In 2014, it looked like the United States was finally making some progress in reducing childhood obesity—after years of steady increase, the rates had finally begun to decline. But a pair of new studies suggests the good news was short-lived: Over the past four years, childhood obesity rates have in fact held steady. And despite well-funded and highly publicized national campaigns to combat obesity, childhood obesity has actually increased in certain groups.
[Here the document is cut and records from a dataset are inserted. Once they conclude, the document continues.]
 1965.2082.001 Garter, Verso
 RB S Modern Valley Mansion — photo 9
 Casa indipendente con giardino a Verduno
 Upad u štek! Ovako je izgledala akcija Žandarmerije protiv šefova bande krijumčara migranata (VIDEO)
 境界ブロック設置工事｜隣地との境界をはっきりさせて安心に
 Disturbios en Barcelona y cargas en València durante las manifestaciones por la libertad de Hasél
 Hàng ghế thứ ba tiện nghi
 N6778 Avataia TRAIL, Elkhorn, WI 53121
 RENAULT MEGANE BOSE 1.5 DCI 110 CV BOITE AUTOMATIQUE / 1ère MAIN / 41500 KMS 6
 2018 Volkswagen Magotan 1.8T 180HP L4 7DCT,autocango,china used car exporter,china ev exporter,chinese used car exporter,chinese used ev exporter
As scientists scratch their heads trying to figure out what’s going on—another new study may hold some clues.
The initial study, published in the journal Pediatrics, analyzed data from the Centers for Disease Control and Prevention’s National Health and Nutrition Examination Survey from 1999 to 2016. Childhood overweight rates increased from 29 percent to 35 percent during that time period, the researchers reported. And from 2014 to 2016, severe obesity among children two to five years old increased from 9 percent to 14 percent.
An accompanying study examining the same data found that Hispanic preschoolers were twice as likely as their Caucasian counterparts to be obese, and African American preschoolers were 70 percent more likely. Preschoolers from low-income families had twice the obesity rate of their peers from average-income families.
Obesity is a thorny problem because it involves so many factors. Diet and exercise may sound like easy things to change, but not if you’re poor, says Asheley Cockrell Skinner, a public health epidemiologist at Duke University and lead author on the study. “Living in a safe neighborhood where you can be active, with sidewalks where you can ride bikes—not having those things are all playing a role in obesity.”
Which is why, when the childhood obesity epidemic began to make headlines a decade or so ago, public health experts launched major campaigns to fight it. Michelle Obama’s Let’s Move brought exercise programs to underserved schools. The US Department of Agriculture passed the Healthy, Hunger-Free Kids Act, which made school meals and snacks healthier. Some cities even placed a tax on sugary drinks. “All of these changes were apparently not enough,” Skinner says. “Our public health approach to the epidemic has largely failed so far,” notes a commentary (PDF) accompanying the Pediatrics studies.
That nothing seems to work has some scientists wondering whether the interventions are coming too late. Some scientists now believe that by the time children are old enough to exercise and eat solid food, their lifelong patterns of weight gain have already been established. In another study published in February, researchers in Alberta, Canada, presented new evidence showing how circumstances at birth might affect a child’s risk for childhood obesity.
The study, published in a different journal called JAMA Pediatrics, looked at 935 mother-infant pairs over the course of three years. The children born to overweight mothers were three times as likely to be overweight or obese as those born to mothers of normal weight. That wasn’t surprising—genetic predisposition could explain it, and so could diet and lifestyle. But here’s the weird thing: The children of overweight moms born via cesarean section were five times as likely to be overweight or obese as those born vaginally. This echoes previous research on connections between cesarean sections and obesity. (In the United States, roughly 1 in 3 births are completed via C-section—a 60 percent increase since 1996.)
The study’s authors also found that the feces of infants born to overweight mothers contained more Lachnospiraceae bacteria than the feces of babies from normal-weight mothers. Interestingly, babies born via cesarean section had a different type of Lachnospiraceae bacteria from those born vaginally.
The working theory, explains lead author Hein Min Tun, a researcher in epidemiology and pediatric medicine at the University of Alberta, is that infants pick up their mothers’ community of bacteria in the birth canal. Infants born via cesarean section pick up some bacteria as well, but it’s a slightly different community—perhaps a mix that is more likely to promote obesity. “Weight is influenced by so many factors,” Tun says. “But people go to the gym every day and it doesn’t do anything. They can’t reduce the weight. That’s one clue that there might be something else going on.”
The study had some limitations: For starters, it didn’t test mothers for the presence of Lachnospiraceae—only the babies. And it didn’t consider other factors that might affect a baby’s bacterial mix, such as breastfeeding and antibiotics. Still, Tun says, it’s a promising line of inquiry.
Duke’s Skinner agrees. Her colleagues are also looking into the role of the transfer of microbes at birth on weight gain patterns, she told me. “I think we’re going to learn that microbiome plays a huge role in obesity.”